España es una monarquía parlamentaria, un sistema que nos resulta extraño por lo del monarca pero sobre todo por el sistema parlamentario. Así pues, en las votaciones generales no se vota por un presidente de Gobierno, o un jefe de Gobierno sino por un parlamento que es el encargado de formar gobierno; es decir, elegir un presidente. Cuando fue electo Rajoy no hubo problemas porque su partido tenía mayoría absoluta y en el primer intento fue investido presidente. El problema se presenta en la actualidad, pues ninguno de los cuatro grandes grupos tiene la mayoría necesaria para formar gobierno y deben buscar alianza con los otros. En el primer intento se fracasó, pues debía llegarse a la mayoría absoluta, es decir, la mitad más uno del total de diputados. A partir de la segunda votación la cosa parecería más fácil, ya que se elige por mayoría simple: vale decir: el candidato debe obtener la mitad más uno de los votos emitidos. Las abstenciones aquí no se cuentan. A las alianzas necesarias se suma entonces la necesidad de convencer a tal o cual grupo que se abstenga de modo que sus votos no cuenten.

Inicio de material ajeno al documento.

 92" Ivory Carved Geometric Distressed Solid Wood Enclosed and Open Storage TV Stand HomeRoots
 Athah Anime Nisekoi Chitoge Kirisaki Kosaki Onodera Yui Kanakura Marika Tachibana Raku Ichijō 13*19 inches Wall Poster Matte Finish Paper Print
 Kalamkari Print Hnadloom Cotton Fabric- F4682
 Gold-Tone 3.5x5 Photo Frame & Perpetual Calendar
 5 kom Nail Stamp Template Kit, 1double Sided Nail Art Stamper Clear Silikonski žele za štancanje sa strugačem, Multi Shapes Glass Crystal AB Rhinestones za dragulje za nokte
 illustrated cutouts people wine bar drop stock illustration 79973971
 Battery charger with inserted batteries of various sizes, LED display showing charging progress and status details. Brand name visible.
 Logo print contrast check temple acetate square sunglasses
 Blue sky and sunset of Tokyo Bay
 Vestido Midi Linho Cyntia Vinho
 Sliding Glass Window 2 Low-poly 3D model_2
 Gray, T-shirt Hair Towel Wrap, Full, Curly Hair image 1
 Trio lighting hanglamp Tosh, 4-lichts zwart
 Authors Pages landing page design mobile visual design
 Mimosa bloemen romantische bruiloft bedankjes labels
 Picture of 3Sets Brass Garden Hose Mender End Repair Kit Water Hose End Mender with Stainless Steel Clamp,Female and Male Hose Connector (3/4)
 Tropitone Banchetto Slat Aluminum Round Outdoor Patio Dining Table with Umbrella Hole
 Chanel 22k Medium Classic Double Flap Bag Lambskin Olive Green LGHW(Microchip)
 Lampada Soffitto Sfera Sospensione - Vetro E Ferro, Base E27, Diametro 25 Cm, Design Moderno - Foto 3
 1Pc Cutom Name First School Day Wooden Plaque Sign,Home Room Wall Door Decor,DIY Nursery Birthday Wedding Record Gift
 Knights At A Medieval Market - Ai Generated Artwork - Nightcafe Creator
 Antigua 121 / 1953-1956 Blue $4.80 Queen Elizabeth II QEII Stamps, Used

Después de esta larga explicación, a lo que quiero llegar es al hecho de poder presenciar, directamente o a través de la televisión, el debate que se lleva a cabo entre los aspirantes a llegar a la presidencia en la sala de las Cortes (nombre que se le da al Parlamento). Es una clase apasionante de civismo, de dialéctica, de un juego en el que pesan tanto las palabras como la entonación, los gestos, la modulación de la voz, el ritmo del discurso. No solo los analistas políticos sino también el ciudadano de a pie siguen por todos estos vericuetos para elogiar a quien lo ha hecho mejor y despellejar al que lo ha hecho peor. No hay insultos; no, por lo menos, en el grado que nosotros lo entendemos. Entre las palabras más duras y que exasperan a la ciudadanía están: “ruin”, “usted no es honesto”, “esto es un sainete”, “su partido tiene las manos manchadas de sangre”. A nadie se le ocurriría mentar a la madre de su contrincante a no ser que quiera convertirse en un cadáver político.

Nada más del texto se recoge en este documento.